■ **About this exercise**
Retype all entries exactly, skipping pictures.

[[ Input, beginning ]]

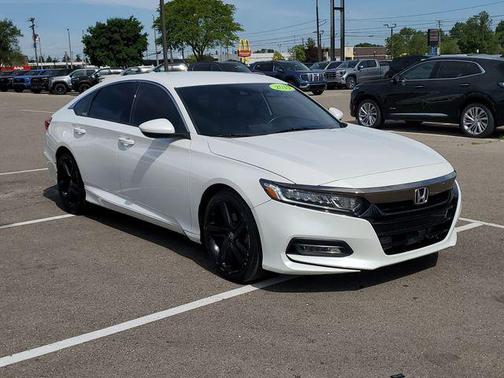 Platinum White Pearl 2019 Honda Accord Sport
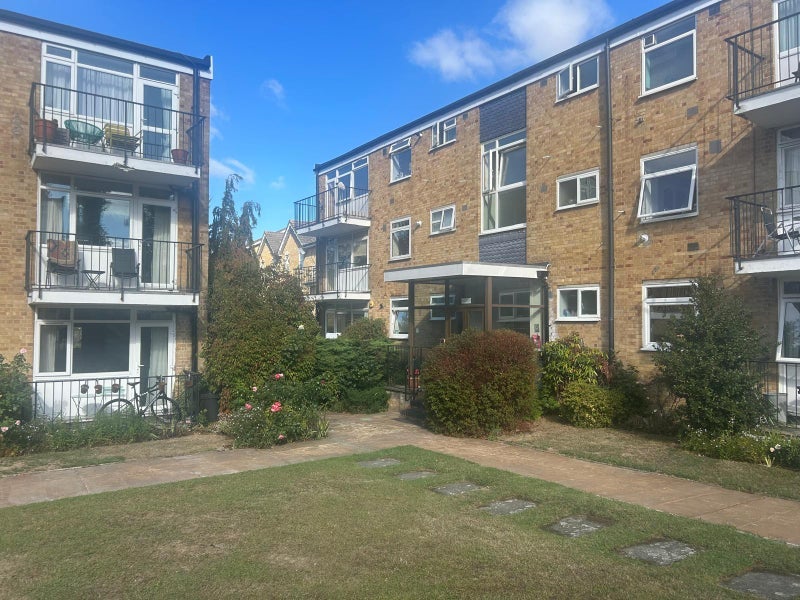 Room Crescent Lane in Greater London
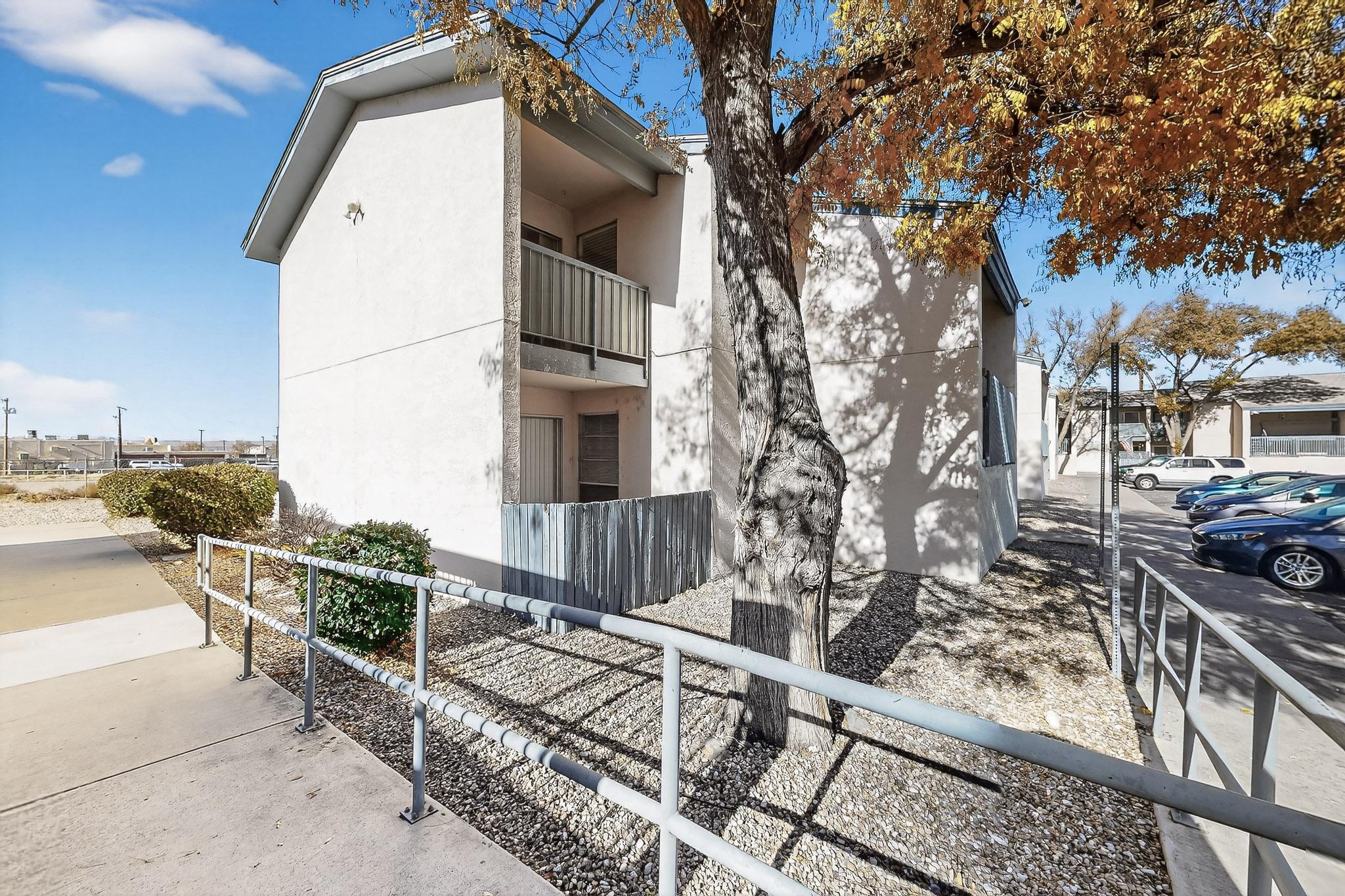 4601 Carlisle Boulevard NE H2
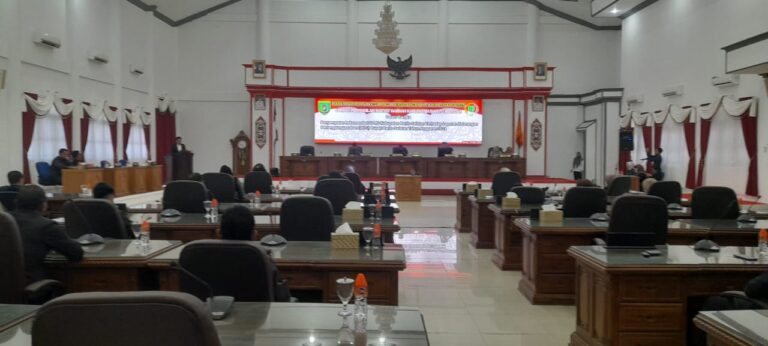 DPRD Barsel Sampaikan 14 Rekomendasi untuk Perbaikan Kinerja Pemkab Lewat LKPJ 2024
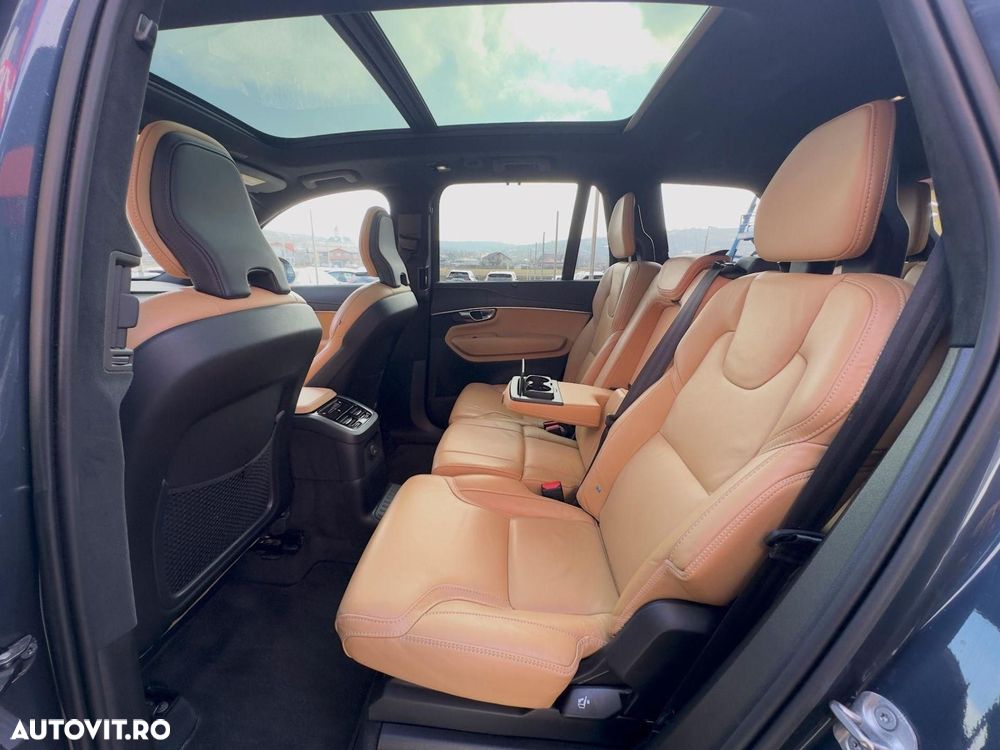 VOLVO XC90 2022 — imagine 18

[[ Input, end ]]

■ **Response to the task**
 Platinum White Pearl 2019 Honda Accord Sport
 Room Crescent Lane in Greater London
 4601 Carlisle Boulevard NE H2
 DPRD Barsel Sampaikan 14 Rekomendasi untuk Perbaikan Kinerja Pemkab Lewat LKPJ 2024
 VOLVO XC90 2022 — imagine 18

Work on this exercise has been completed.